(Directions):
From the line containing "Backstage at Naeem Khan RTW Spring 2018" through the last line of the material, copy every line exactly, both ends inclusive; do not copy pictures.

(Recorded data):
_ _ _ _ _
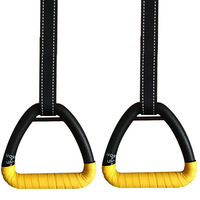 Anillas de Gimnasia con Asas Ajustables para Niños y Adultos, Entrenamiento en Casa, Entrenamiento de Fuerza, Equipo de Fitness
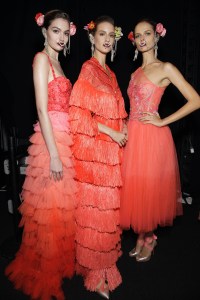 Backstage at Naeem Khan RTW Spring 2018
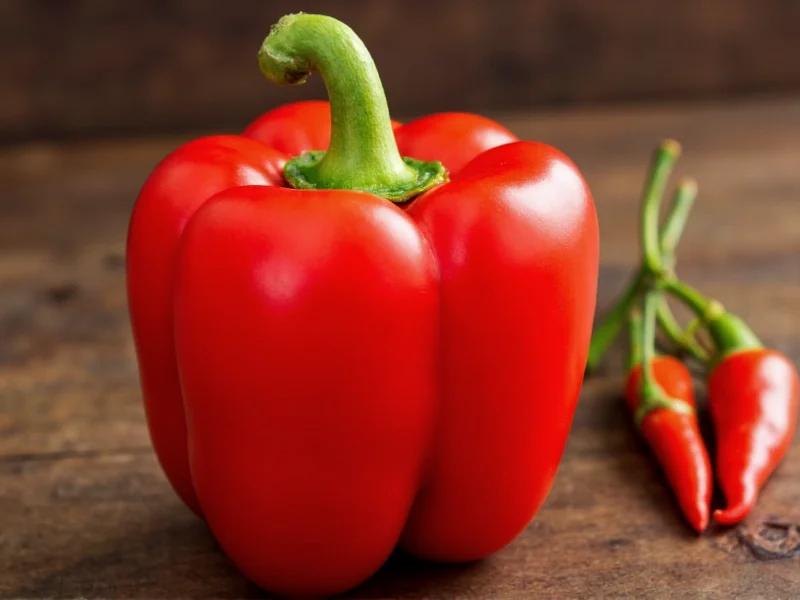 Bell Peppers: Why They're Not Spicy (0 Scoville Units)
_ _ _ _ _
(Result):
 Backstage at Naeem Khan RTW Spring 2018
 Bell Peppers: Why They're Not Spicy (0 Scoville Units)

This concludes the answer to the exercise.